PRISMA+ Colloquium
May 28, 2014 at 1 p.m. in Minkowski-Raum 05-119, Staudingerweg 7Prof. Dr. Tobias Hurth
Institut für Physik, THEP
hurth@uni-mainz.de
Discovery of the nature of dark matter is recognized as one of the greatest challenges in contemporary science.
The most compelling candidate for dark matter is the Weakly Interacting Massive Particle (WIMP) that arises naturally in several models of physics beyond the Standard Model. The discovery of galactic WIMPs would therefore enlighten two of the outstanding problems of modern physics - the matter composition of the Universe and the true description of fundamental particles and interactions.
The worldwide race towards direct detection has been dramatically accelerated by remarkable progress of liquid xenon time projection chambers.

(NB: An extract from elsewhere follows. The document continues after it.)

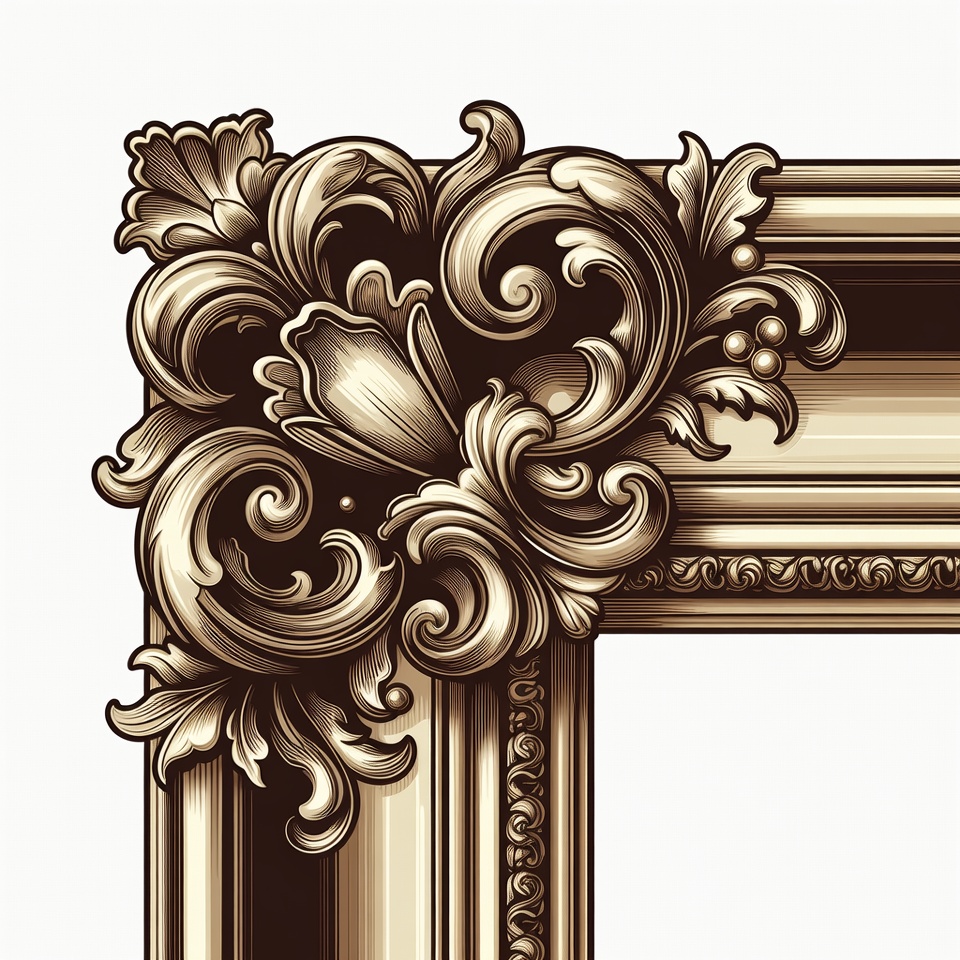 Ornate Golden Picture Frame Corner Ornate Golden Picture Frame Corner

They have shifted the scale of target mass by orders of magnitude whilst simultaneously reducing backgrounds to unprecedentedly low levels.The most advanced of these projects is the Large Underground Xenon (LUX) detector, operated in the Davis Cavern of the SURF laboratory, USA.
The project has just completed its first run, releasing world-leading results that challenge hints of low-mass WIMPs claimed at other experiments. The project, its results, and prospects for the future, both with LUX and a larger successor experiment, LZ, will be presented.